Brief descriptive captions

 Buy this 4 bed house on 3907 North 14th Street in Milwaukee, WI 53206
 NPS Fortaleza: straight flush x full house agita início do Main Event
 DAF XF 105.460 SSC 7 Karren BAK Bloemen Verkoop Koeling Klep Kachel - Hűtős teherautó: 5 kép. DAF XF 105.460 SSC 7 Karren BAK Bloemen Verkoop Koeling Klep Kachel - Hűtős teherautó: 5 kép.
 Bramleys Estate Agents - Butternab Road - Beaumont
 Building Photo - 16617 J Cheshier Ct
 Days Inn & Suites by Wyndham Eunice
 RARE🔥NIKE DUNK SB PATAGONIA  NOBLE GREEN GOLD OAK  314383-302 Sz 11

* * *

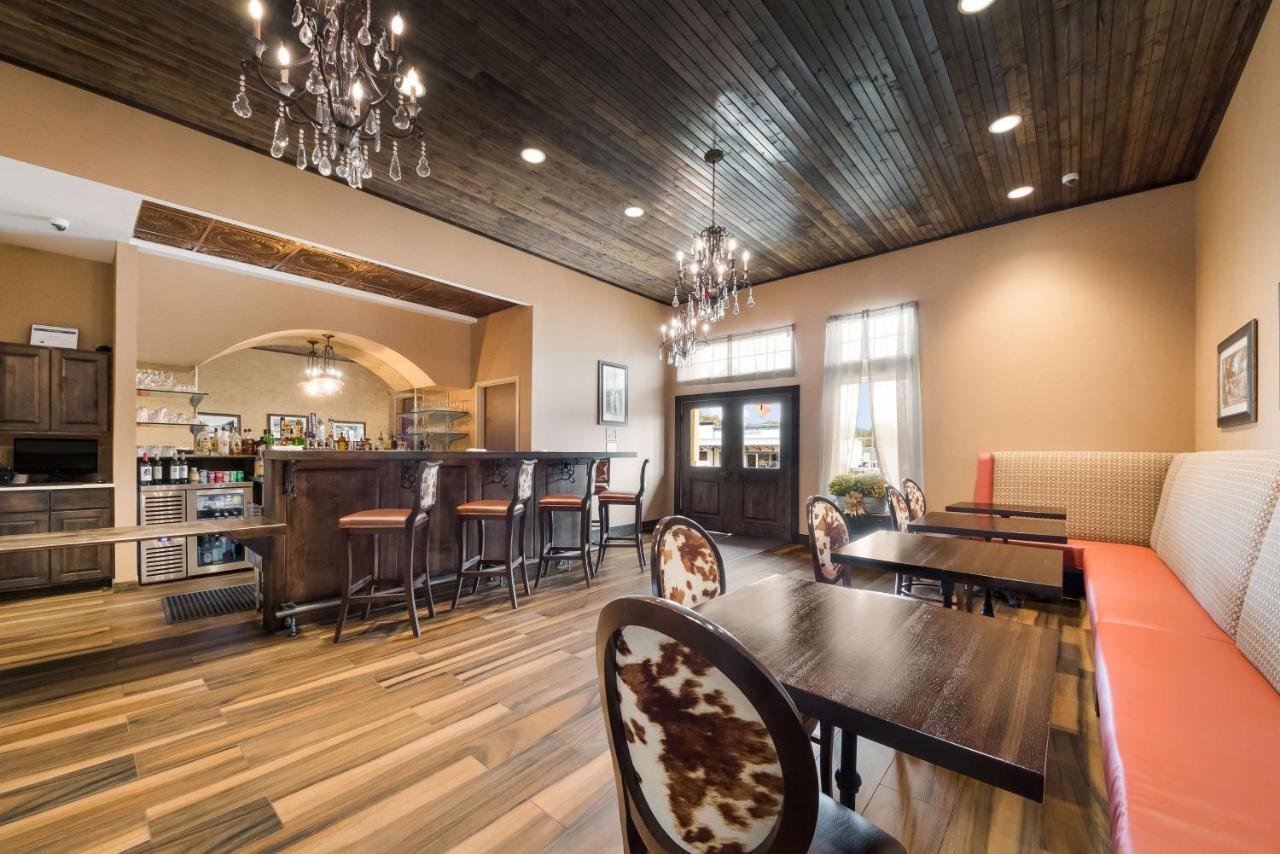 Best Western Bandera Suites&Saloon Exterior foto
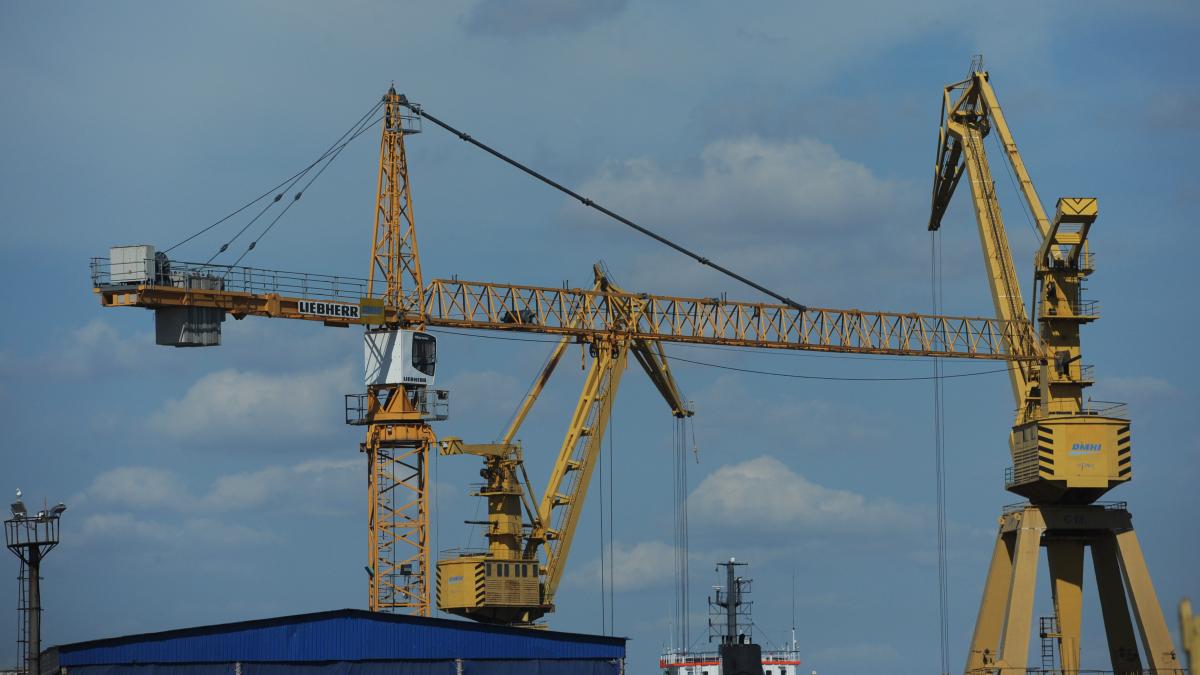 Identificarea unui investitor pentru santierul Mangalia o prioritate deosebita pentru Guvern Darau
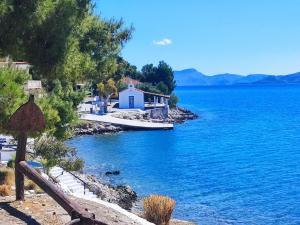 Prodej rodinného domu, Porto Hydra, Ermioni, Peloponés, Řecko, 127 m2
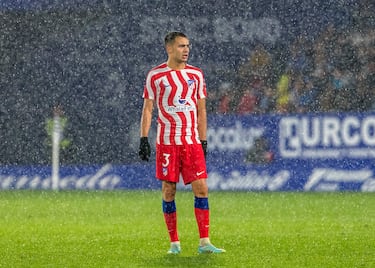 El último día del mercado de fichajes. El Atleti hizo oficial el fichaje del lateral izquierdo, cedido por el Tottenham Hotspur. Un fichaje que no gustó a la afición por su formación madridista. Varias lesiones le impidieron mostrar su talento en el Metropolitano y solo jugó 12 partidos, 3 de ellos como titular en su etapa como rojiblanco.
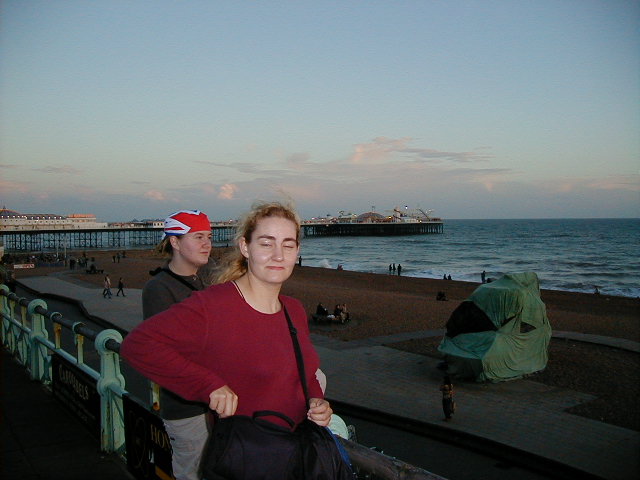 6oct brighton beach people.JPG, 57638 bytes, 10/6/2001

## [The problem]
Taking the entries above, write out exactly each line from the one holding "Buy this 4 bed" to the one holding "kép. DAF XF", both included, and stop there.

## [Solution for this exercise]
 Buy this 4 bed house on 3907 North 14th Street in Milwaukee, WI 53206
 NPS Fortaleza: straight flush x full house agita início do Main Event
 DAF XF 105.460 SSC 7 Karren BAK Bloemen Verkoop Koeling Klep Kachel - Hűtős teherautó: 5 kép. DAF XF 105.460 SSC 7 Karren BAK Bloemen Verkoop Koeling Klep Kachel - Hűtős teherautó: 5 kép.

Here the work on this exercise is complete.